▶ Provided material

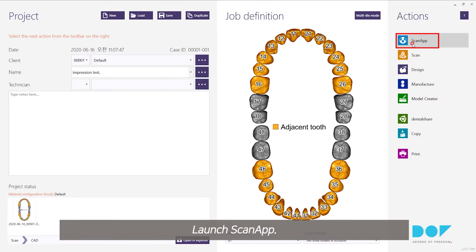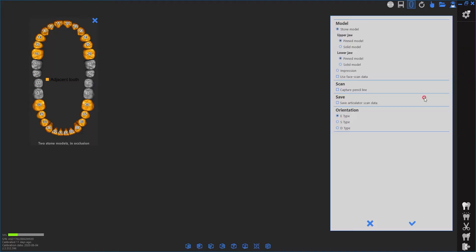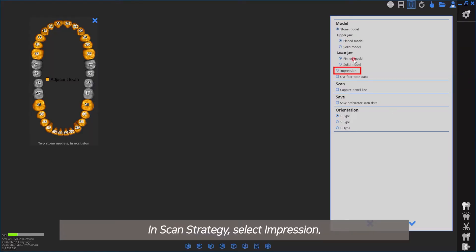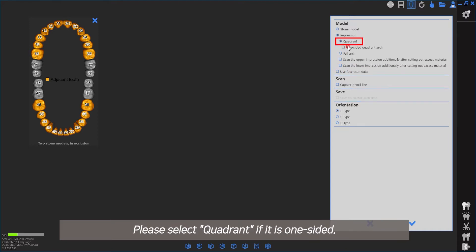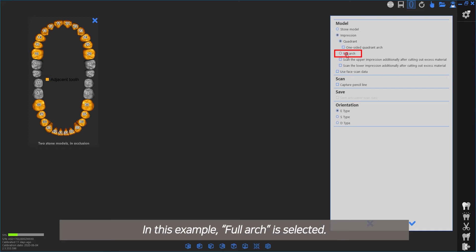Launch Scan App. In Scan Strategy, select Impression. Please select if it is one-sided. In this example, Full Arch is selected.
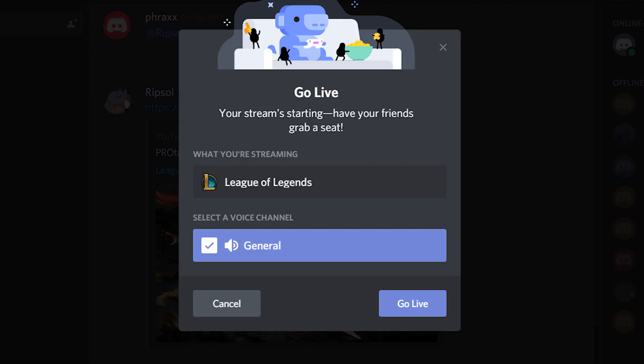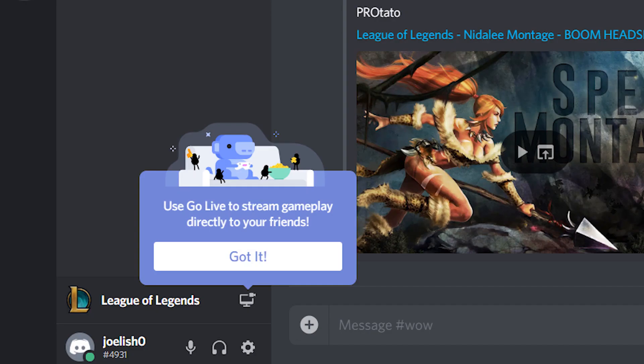A window will pop up asking you which voice channel you want to cast to. Unfortunately, you can't cast a game without being in a voice channel, as this channel acts as both the way you communicate to your viewers and the channel others use to watch. If you don't want to broadcast your voice as you stream, be sure to click the microphone icon on your status bar to mute yourself before you start.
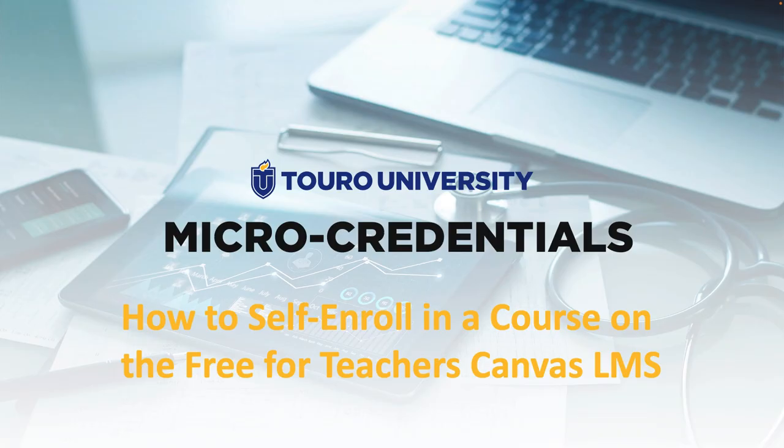This has been a quick video that illustrates how to self enroll in a course on the Free for Teacher Canvas Learning Management System. Thank you.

▶ Your assignment
For this step, transcribe all the material above exactly and drop the images.

▶ Your response
Launch Scan App. In Scan Strategy, select Impression. Please select if it is one-sided. In this example, Full Arch is selected.
A window will pop up asking you which voice channel you want to cast to. Unfortunately, you can't cast a game without being in a voice channel, as this channel acts as both the way you communicate to your viewers and the channel others use to watch. If you don't want to broadcast your voice as you stream, be sure to click the microphone icon on your status bar to mute yourself before you start.
This has been a quick video that illustrates how to self enroll in a course on the Free for Teacher Canvas Learning Management System. Thank you.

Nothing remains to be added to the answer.